Erick Thohir: Banyak yang Ingin Saya Mundur dari Jabatan Menteri BUMN
Erick tak mau jika suatu saat dia dicopot sebagai Menteri BUMN justru meninggalkan beban ke penerusnya.
Penulis: Ria anatasia
Editor: Sanusi
TRIBUNNEWS.COM, JAKARTA - Menteri Badan Usaha Milik Negara (BUMN) Erick Thohir mengatakan banyak pihak yang menginginkan dirinya mundur dari posisi saat ini.
Hal itu dia sampaikan usai mengumumkan penyelesaian restrukturisasi utang PT Krakatau Steel di Gedung Kementerian BUMN, Jakarta, Selasa (28/1/2020).
Erick meminta agar Krakatau Steel menjalankan opersional secara baik.
Alasannya, Erick tak mau jika suatu saat dia dicopot sebagai Menteri BUMN justru meninggalkan beban ke penerusnya.
Baca: Tersangka Kasus Jiwasraya Berpotensi Akan Bertambah, Begini Penjelasan Kejagung
Baca: Erick Thohir: Nilai Restrukturisasi Utang Krakatau Steel Terbesar Sepanjang Sejarah
"Sekarang kuncinya operasional, ini yang saya harapkan, salah satunya yang saya titip juga ke Wamen, kalau habis restrukturisasi, operasionalnya mesti benar," kata Erick.
"Jangan nanti ada problem di menteri yang akan datang 5 tahun mendatang atau satu tahun mendatang, karena mungkin saja saya cuma setahun, yang mau goyang, suruh mundur banyak kok," sambungnya.

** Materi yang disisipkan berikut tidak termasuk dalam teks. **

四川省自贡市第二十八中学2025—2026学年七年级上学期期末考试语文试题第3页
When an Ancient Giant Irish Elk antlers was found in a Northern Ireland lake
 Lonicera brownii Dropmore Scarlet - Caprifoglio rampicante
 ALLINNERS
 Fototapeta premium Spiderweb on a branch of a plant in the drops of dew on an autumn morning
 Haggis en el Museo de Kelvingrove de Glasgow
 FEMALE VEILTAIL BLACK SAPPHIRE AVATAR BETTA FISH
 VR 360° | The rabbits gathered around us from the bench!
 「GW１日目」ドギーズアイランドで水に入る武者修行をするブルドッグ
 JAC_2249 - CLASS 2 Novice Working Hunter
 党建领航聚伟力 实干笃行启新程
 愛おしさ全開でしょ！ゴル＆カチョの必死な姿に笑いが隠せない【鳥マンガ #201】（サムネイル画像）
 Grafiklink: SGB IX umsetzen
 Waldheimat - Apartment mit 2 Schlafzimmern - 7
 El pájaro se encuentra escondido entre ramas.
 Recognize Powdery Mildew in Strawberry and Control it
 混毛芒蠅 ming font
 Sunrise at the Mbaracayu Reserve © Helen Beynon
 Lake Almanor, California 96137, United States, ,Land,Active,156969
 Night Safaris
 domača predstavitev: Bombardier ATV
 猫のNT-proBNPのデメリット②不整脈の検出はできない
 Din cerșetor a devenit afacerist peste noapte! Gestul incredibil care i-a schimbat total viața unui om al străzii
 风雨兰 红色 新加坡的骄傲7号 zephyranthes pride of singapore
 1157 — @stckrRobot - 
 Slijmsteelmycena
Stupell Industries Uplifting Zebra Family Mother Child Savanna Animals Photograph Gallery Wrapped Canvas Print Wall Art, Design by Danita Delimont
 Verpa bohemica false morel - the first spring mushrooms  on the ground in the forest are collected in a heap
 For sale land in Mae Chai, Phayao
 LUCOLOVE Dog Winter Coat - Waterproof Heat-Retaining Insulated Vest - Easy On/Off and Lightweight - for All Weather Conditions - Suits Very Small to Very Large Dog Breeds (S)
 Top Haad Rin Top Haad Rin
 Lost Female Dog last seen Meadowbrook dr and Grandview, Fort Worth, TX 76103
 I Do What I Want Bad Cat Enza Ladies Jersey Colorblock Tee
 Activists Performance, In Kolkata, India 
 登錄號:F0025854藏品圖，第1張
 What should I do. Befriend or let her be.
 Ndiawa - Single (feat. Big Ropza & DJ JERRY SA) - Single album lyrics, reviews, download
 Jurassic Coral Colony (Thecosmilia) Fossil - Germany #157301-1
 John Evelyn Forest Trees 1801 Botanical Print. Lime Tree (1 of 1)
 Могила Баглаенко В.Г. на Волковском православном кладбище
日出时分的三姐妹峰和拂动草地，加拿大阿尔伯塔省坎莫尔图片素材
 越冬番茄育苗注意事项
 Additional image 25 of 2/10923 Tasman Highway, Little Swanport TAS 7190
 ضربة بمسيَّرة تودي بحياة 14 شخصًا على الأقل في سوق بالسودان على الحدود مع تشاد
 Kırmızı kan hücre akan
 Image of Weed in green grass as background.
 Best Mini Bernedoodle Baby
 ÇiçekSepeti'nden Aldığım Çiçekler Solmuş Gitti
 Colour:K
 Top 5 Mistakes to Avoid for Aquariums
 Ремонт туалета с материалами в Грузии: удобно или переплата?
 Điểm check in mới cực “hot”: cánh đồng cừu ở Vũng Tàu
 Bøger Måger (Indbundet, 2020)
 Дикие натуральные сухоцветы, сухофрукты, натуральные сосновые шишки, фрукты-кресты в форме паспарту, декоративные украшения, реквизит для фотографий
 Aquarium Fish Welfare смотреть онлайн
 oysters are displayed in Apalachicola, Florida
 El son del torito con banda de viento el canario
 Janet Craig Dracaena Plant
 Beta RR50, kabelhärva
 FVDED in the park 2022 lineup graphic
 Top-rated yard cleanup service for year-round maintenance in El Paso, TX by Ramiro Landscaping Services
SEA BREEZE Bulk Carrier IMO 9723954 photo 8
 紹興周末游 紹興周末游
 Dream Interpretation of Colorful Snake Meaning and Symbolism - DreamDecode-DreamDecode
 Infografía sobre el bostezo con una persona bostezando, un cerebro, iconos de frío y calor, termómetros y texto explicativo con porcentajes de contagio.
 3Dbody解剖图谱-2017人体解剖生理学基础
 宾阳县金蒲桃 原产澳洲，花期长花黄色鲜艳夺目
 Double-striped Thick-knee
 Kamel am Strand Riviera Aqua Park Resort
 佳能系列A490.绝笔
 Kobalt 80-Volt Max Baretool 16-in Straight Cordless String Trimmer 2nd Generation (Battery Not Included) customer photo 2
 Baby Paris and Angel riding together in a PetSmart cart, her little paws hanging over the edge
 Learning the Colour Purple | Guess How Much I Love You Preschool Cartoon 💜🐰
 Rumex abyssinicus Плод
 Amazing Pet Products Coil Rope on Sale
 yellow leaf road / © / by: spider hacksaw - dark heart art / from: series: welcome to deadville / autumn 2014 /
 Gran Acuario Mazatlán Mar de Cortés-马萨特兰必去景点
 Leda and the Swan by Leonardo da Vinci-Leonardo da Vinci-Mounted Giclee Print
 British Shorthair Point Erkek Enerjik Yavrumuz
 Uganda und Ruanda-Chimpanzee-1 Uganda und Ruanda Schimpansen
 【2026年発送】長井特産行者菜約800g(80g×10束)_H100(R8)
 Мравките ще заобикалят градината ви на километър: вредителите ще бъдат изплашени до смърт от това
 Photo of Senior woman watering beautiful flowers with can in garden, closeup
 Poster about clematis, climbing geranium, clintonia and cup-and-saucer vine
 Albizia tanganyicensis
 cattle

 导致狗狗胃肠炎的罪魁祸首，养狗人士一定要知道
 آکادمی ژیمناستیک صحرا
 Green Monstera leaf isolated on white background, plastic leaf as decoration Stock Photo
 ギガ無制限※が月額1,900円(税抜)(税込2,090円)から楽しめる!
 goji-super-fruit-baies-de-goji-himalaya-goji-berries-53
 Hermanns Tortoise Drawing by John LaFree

Erick meminta agar bisnis semua BUMN dilakukan secara baik dan berkelanjutan. Untuk itu, dia mengaku tengah fokus membenahi BUMN, salah satunya agar BUMN kembali ke bisnis intinya (core business).
"Apa yang kita lakukan bukan hanya untuk kita. Saya pak Budi (Budi Gunadi Sadikin), pak Tiko (Kartika Wirjoatmodjo) harapkan apa yang dilakukan berkelanjutan, successor kita harus lebih sukses bukan gali lobang," ucap dia.
Selain itu, Erick meminta agar para komisaris BUMN benar-benar membantunya dalam mengawasi kinerja perusahaan BUMN.
“Saya tidak mau juga komisaris hanya duduk-duduk dan tidak bantu kementerian untuk mengawasi, tapi bukan ambil peran direksi, jangan juga, enggak boleh, kan ada tugasnya,” kata Erick.
Sebelumnya, Presiden keenam Susilo Bambang Yudhoyono mengunggah sebuah tulisan di laman Facebook-nya terkait kasus Jiwasraya.
Dalam tulisan itu, SBY berpendapat bahwa tujuan pembentukan Pansus Jiwasraya oleh DPR adalah untuk menjatuhkan sejumlah tokoh, termasuk Menteri BUMN Erick Thohir.
Berikut sebagian tulisan SBY dalam laman Facebook pribadinya, dikutip Selasa (28/1/2020):
Ada yang dibidik dan hendak dijatuhkan?
Awal Januari 2020, isu Jiwasraya makin ramai dibicarakan. Ditambah dengan isu Asabri. Bisik-bisik, sejumlah lembaga asuransi dan BUMN lain, konon juga memiliki permasalahan keuangan yang serius.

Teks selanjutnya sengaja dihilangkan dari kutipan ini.